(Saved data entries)
──────────

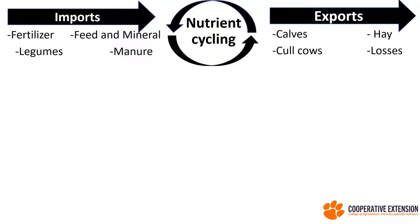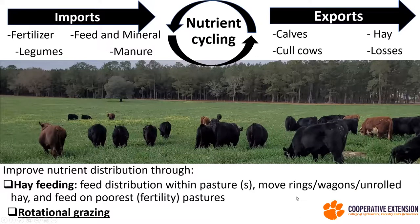When we think about nutrient cycling, we're thinking about this portion here in the middle, but we also need to think about the imports — the fertilizer we're putting in, whether we're using legumes, or whether animals are grazing, since their manure and urine are also imports that replenish those nutrients. Then we have the exports: the animals we're selling, the hay we're selling, or the losses occurring on a given area.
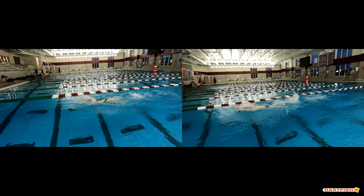So hopefully you can see that a little bit and understand that your arms need to come around a lot lower to the surface of the water.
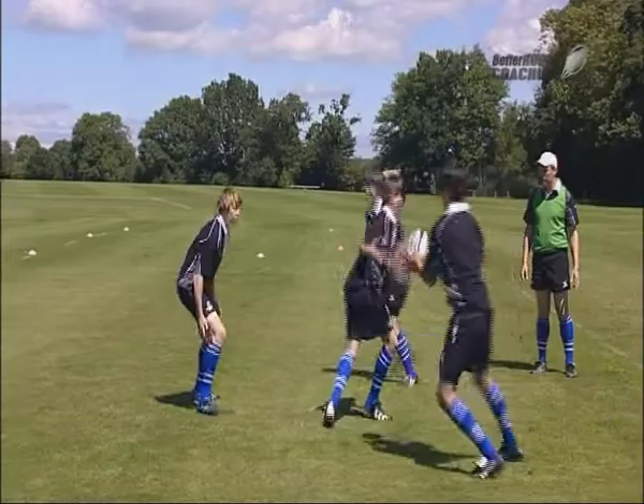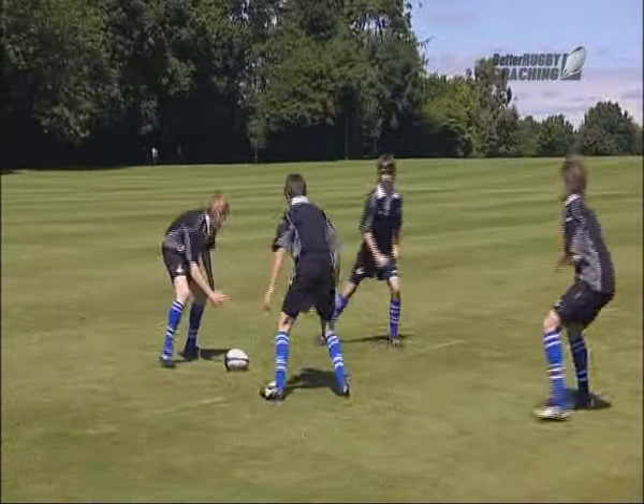Down — close to the ball, close to the ball. That's better. Down, close to the ball. Take contact if you need to.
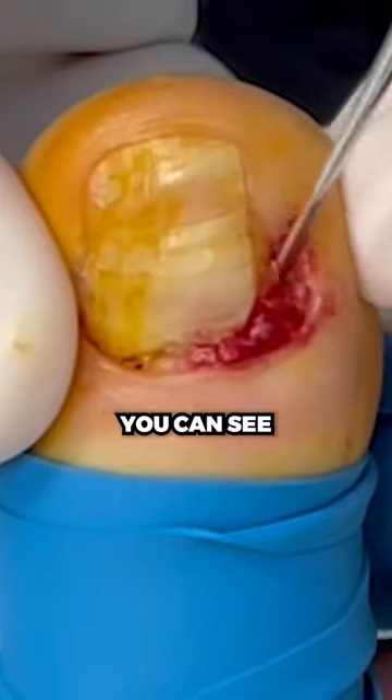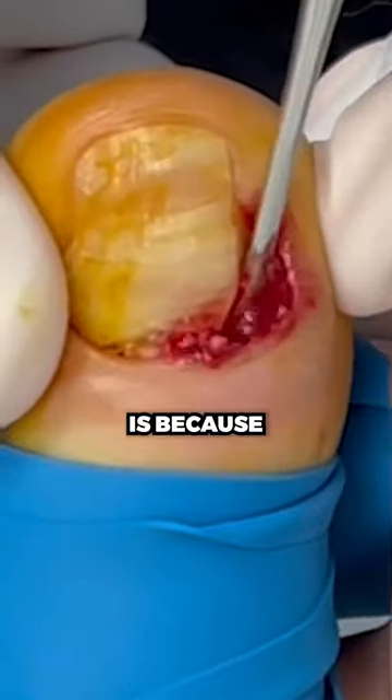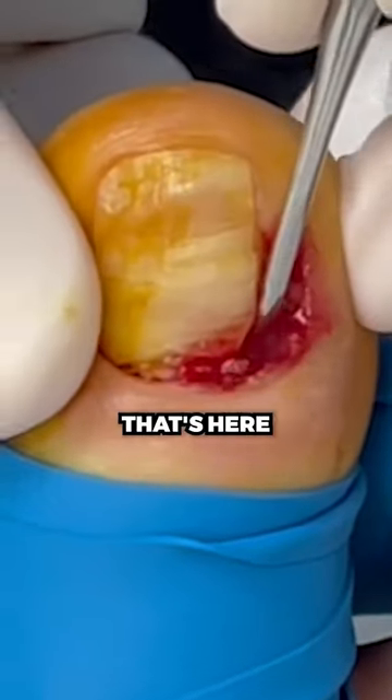All that abnormal tissue — you can see usually in these procedures you don't see a lot of blood. You see how this one's bleeding already a lot? It's because it's very abnormal tissue that's here.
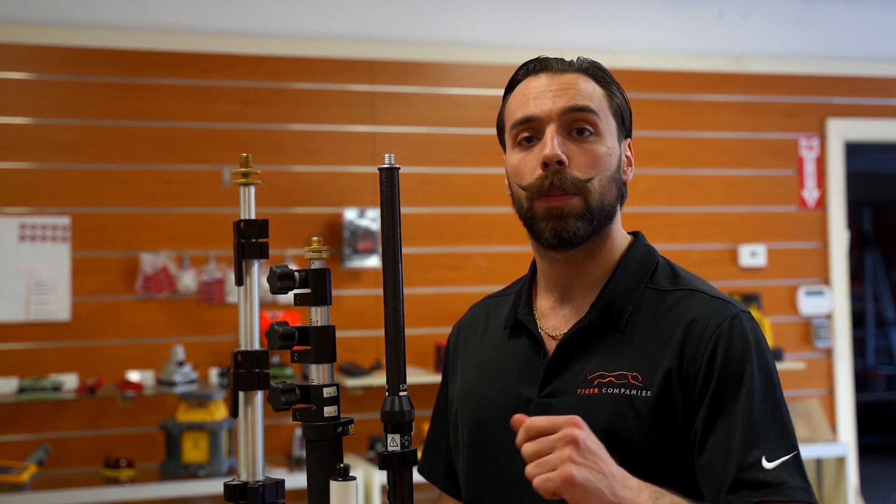What's going on guys, Mike with Tiger Supplies. Today we're going over prism poles and a couple factors to look into when making a purchase.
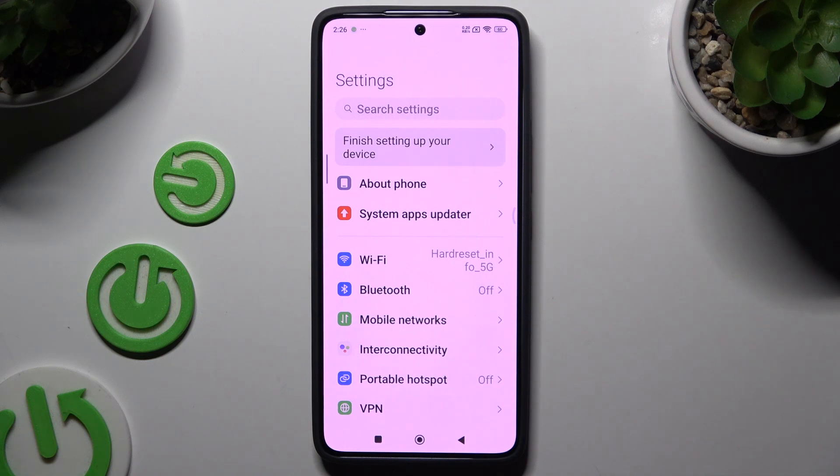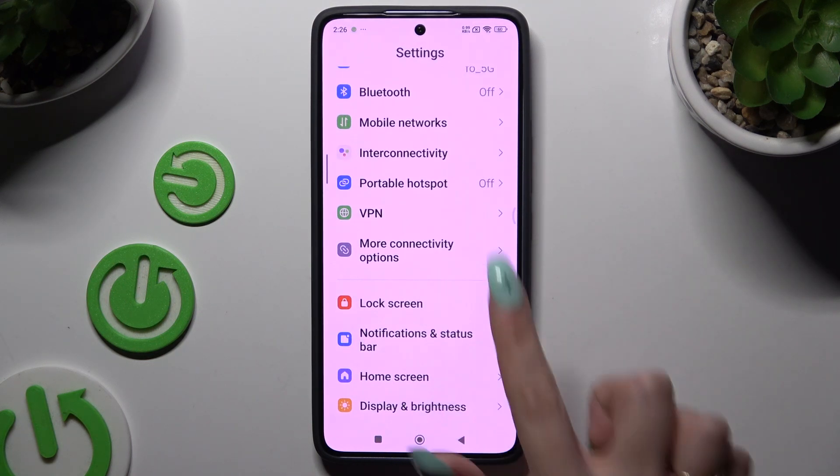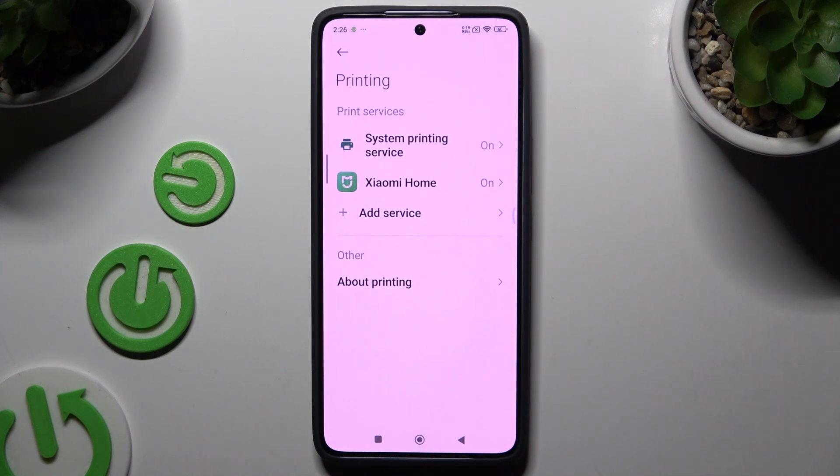Begin by opening settings and scrolling down to click on more connectivity options. Then select printing and click on one of your print services.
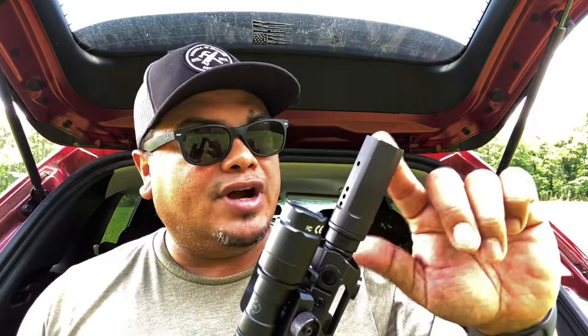These linear muzzle brakes from Armor Specs run $160 — a little expensive, but that's what they go for nowadays from many different companies. It's made out of stainless steel with a black nitrided finish.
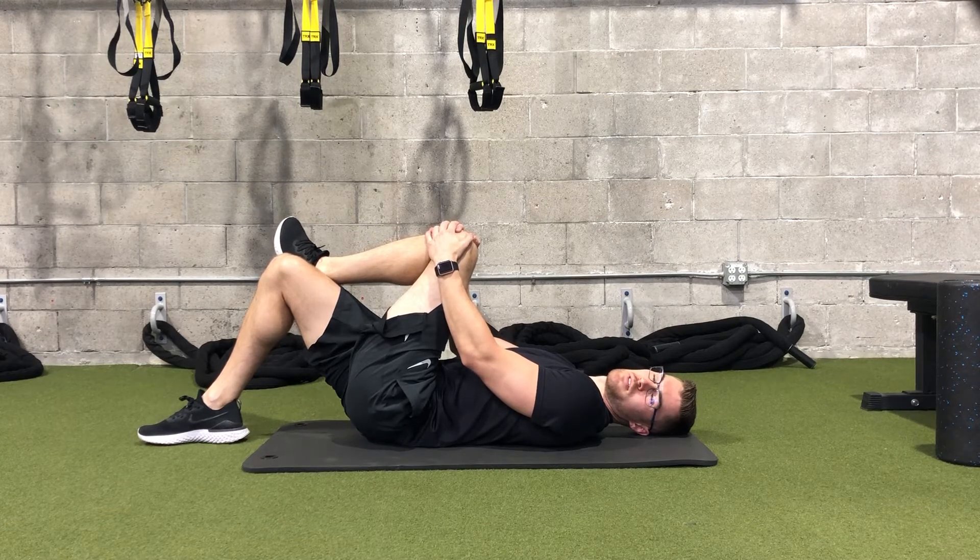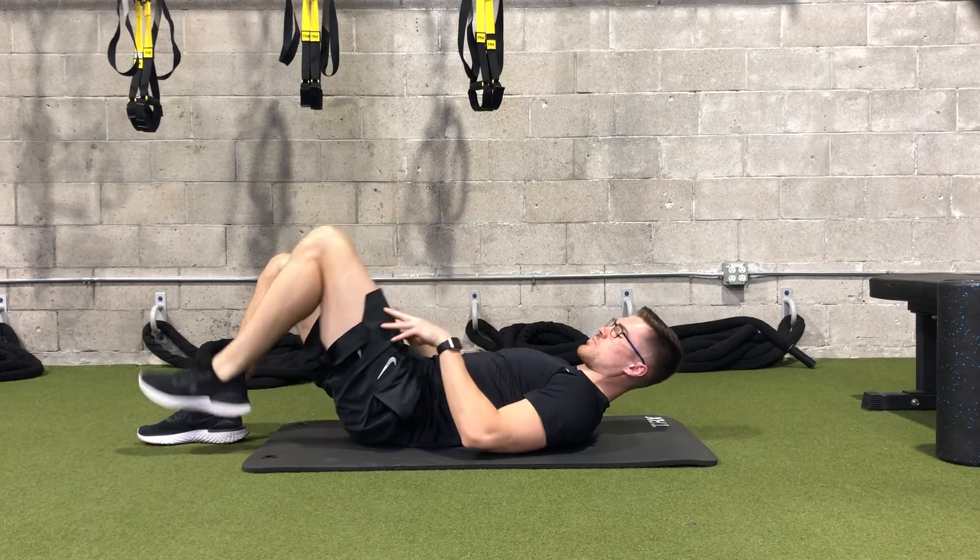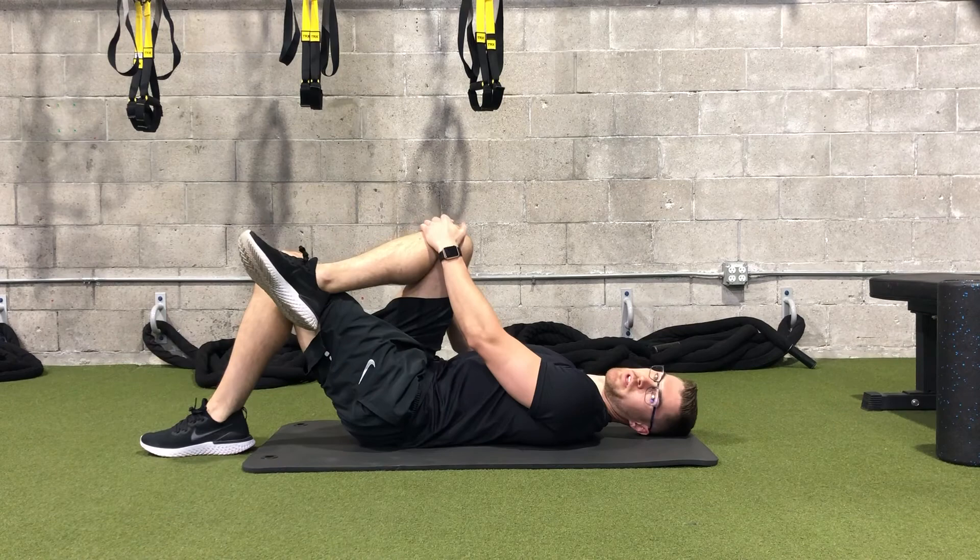Hold for about 30 seconds, or you can complete 60 breaths. Then switch and do the same thing on the other side.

──────────

### Requirement:
The line containing "Down — close" marks where the copy ends; print every line before it from the start of the records, and that line too, but no pictures.

### Solution below:
When we think about nutrient cycling, we're thinking about this portion here in the middle, but we also need to think about the imports — the fertilizer we're putting in, whether we're using legumes, or whether animals are grazing, since their manure and urine are also imports that replenish those nutrients. Then we have the exports: the animals we're selling, the hay we're selling, or the losses occurring on a given area.
So hopefully you can see that a little bit and understand that your arms need to come around a lot lower to the surface of the water.
Down — close to the ball, close to the ball. That's better. Down, close to the ball. Take contact if you need to.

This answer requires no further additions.